6. The agenda committee will report directly to the faculty with results of their meetings by distributing minutes and will publish a quarterly report on progress made in DTFs and on other academic issues.
Guidelines for how Evergreen DTFs Charged by Academics Conduct their Work:
Participatory: engage the fauclty body in discussions; engage other affected constituents when necessary, ie.e., staff, students.
Educate: play a role in educating those affected about the issues the DTF is working on, including staff, facutly and students.
Facilitate: find creative ways for helping the faculty body discuss issues at faculty meetings, encourage faculty feedback and advice to the DTF, and facilitate effective processes for making fculty decisions on the issues under consideration.
Follow through: Create a final report that identifies those responsible for follow through and distribute to faculty.

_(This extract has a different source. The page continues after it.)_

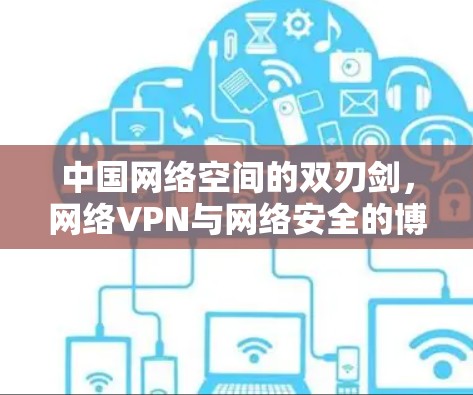 中国网络空间的双刃剑,网络VPN与网络安全的博弈 中国网络空间的双刃剑,网络VPN与网络安全的博弈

Work with the agenda committee to take action on faculty decisions regarding the DTF;s work, if appropriate. Meet with the agenda committee, deans and Provost if necessary to create action or change. Final reports must be archived in the library and with college policies. If a DTF report or actions before the faculty is delatyed or tabled for any reason, send notification of such to the agenda committee and faculty. Notify the agenda committee when a DTF is ready to "disappear."
* DISAPPEARING TASK FORCE (DTF) is a short-term ad hoc committee for the purpose of gathering information, preparing position papers, proposing policy, offering advice, or making hiring recommendations. During the the college's first year, DTF's were initiated to avoid the usual patterns of extensive standing committees and governing councils. DTF's have traditionally been consultative and collaborative in nature and have a diverse, broadly based membership.
BUILDING COMMUNITY is a major goal of this proposal. This model does not, however, purport to solve all of the college's communication problems; rather, it authorizes further experimentation to improve communications. The chair of the faculty, assisted by the agenda committee, provost and deans, is charged with developing and maintaining an information structure which brings all important issues of academic policy before the faculty, so that the faculty can be sure they are involved in community affairs and are being heard.
CLARITY AND CLOSURE are two further objectives of this model. It builds mechanisms for broad consultation with the faculty, and it allows the academic side of the college to reach and communicate a clear position on issues of academic policy. A corollary is that it provides a means of reaching and respecting closure on important issues. The decisions of the faculty on academic policy are binding upon faculty members, deans and the agenda committee when they represent the views of the faculty to other agencies or bodies. Since one of the functions of the strengthened faculty meeting is to reach collaborative conclusions regarding policy issues, members of the faculty who disagree with these conclusions should be encouraged by the deans, provost and president to take their concerns to the agenda committee and the faculty meeting, rather than to try to negotiate ad hoc exceptions to their colleagues' views.
REPRESENTATION will be achieved through the governance groups. The agenda committee will consist of eight elected members, plus the chair of the faculty (who will preside), and the faculty representative to the board of trustees. Terms of the elected members will two years, and four new members will be nominated and elected annually in the late spring. The chair will also be elected annually in the late spring. It will be the normal expectation that the previous year's chair will serve as the faculty representative to the Board of Trustees.